Inference with HalfTensor for speed up

wlike · August 3, 2017, 7:11am

Can we first train a model using default torch.Tensor, which is torch.FloatTensor,
and convert it to torch.HalfTensor for inference?

Or can we directly use torch.HalfTensor for training and inference?

alexis-jacq · August 3, 2017, 7:21am

You can change the nature of your tensor when you want, using my_tensor.half() or my_tensor.float(), my instincts would tell me to use the whole network with floats and to just change the output into half at the very last time in order to compute the loss.

wlike · August 3, 2017, 8:35am

we can use model.half() to convert model’s parameters and internal buffers
to half precision. But we do NOT get significant improvement as expected
to be 2~4x faster by using HalfTensor.

Elias_Vansteenkiste · November 7, 2017, 3:35pm

Hi wlike,

Did you figure out why you didn’t get a speedup? Which Nvidia GPU cards did you use? Did they support float16 like the V100 or P100 or was it the 1080(ti) or Titan which does not support fast float16?
How was your GPU memory consumption when you changed to HalfTensor?

Thanks in advance

Tgaaly · November 28, 2018, 11:20pm

thanks for sharing this! this is valuable info!

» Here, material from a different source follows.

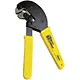 Technetix CR-596-QL Hex Kabel Krimptang CATV, MATV en STV connectoren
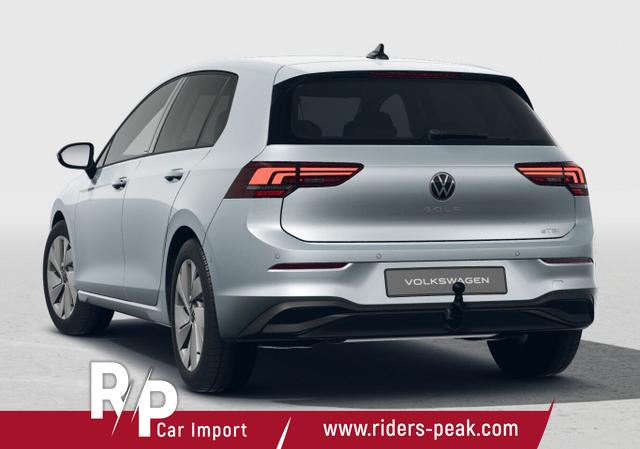Volkswagen Golf 8 1.5 eTSI 150 DSG LED AHK Keyl ParkAs R2D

Edwardmark · January 9, 2020, 6:22am

We did not see any speed up, how about you?

Edwardmark · January 10, 2020, 6:56am

I am using 2080ti, but cannot see any improvements when changing from fp32 to fp16 when do inference with batch_size 1. Why is that? And how can I speed up the inference speed? The gpu usage is reduced from 1905MB to 1491MB anyway. Thanks.

ptrblck · January 10, 2020, 8:27am

Answered here.

kwanUm · September 20, 2020, 9:03am

Did not observe speedup. Actually inference has slowed down for me. Using V100 GPU and running a WaveGAN architecture.